Your goal -
With pictures excluded, copy word for word the lines in the data below from the line containing "Ali Nuhu Celebrates" through the line containing "45 Cougarstone Place".

Data provided -

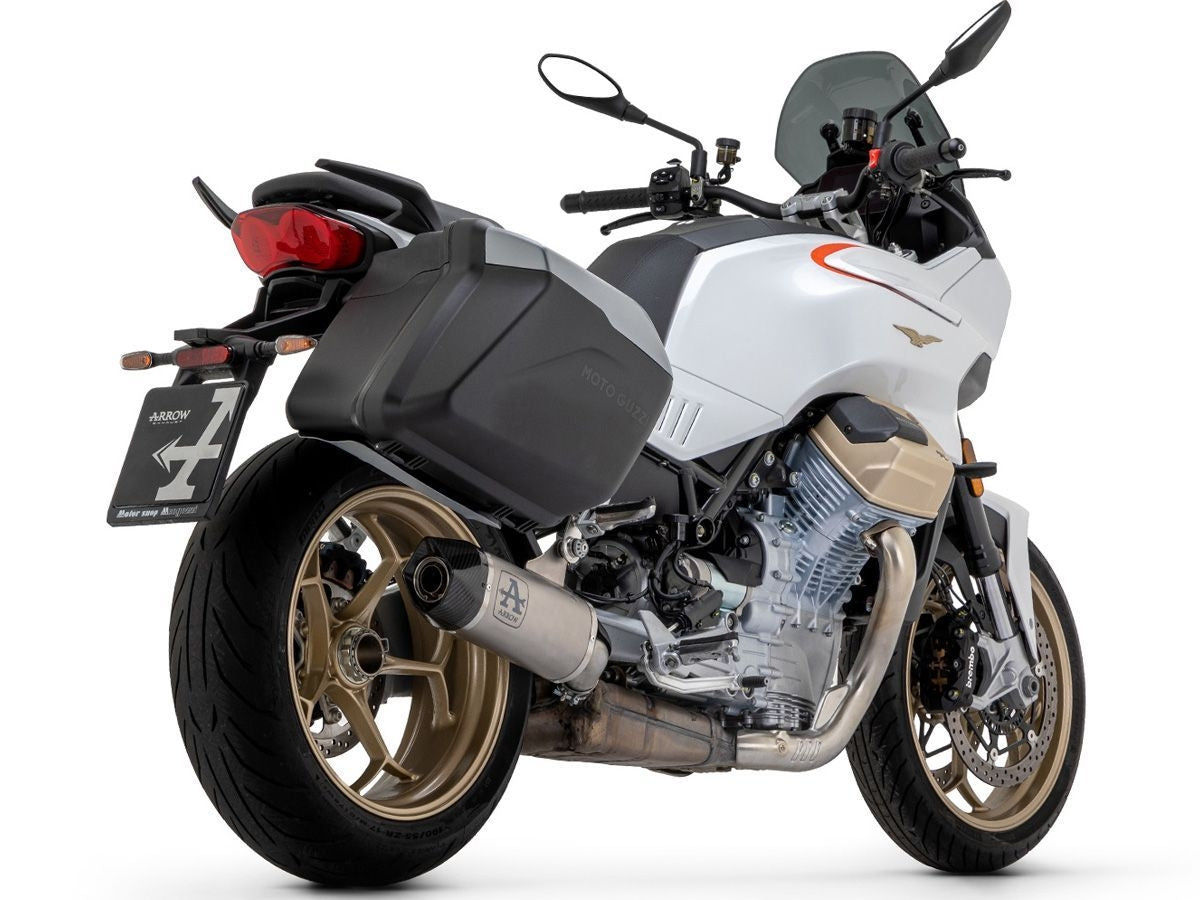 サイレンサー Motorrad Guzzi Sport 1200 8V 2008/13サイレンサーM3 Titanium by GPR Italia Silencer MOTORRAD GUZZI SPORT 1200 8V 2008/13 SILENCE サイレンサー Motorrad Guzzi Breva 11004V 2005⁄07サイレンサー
==
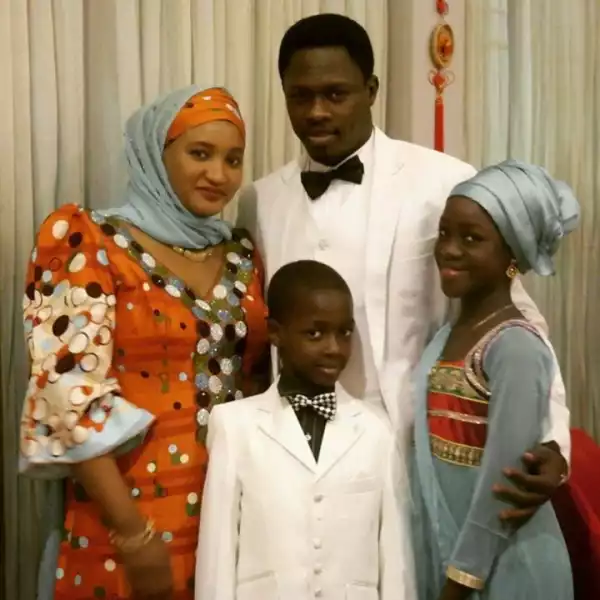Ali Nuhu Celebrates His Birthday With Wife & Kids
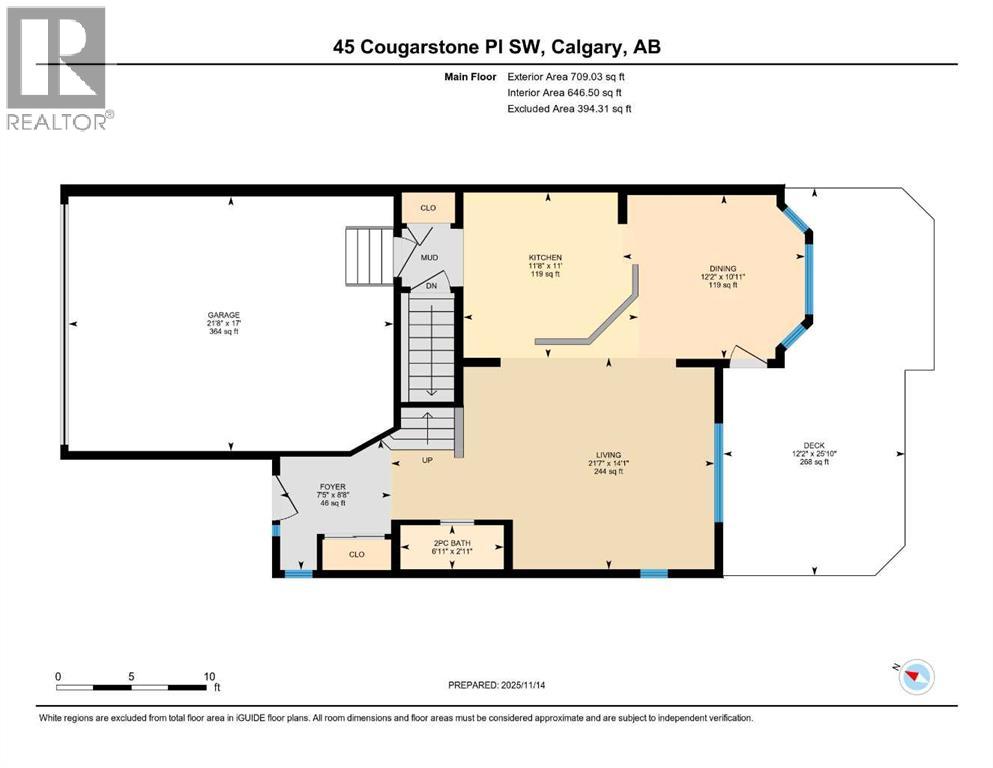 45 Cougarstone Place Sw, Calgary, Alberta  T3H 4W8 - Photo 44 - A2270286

Answer box -
Ali Nuhu Celebrates His Birthday With Wife & Kids
 45 Cougarstone Place Sw, Calgary, Alberta  T3H 4W8 - Photo 44 - A2270286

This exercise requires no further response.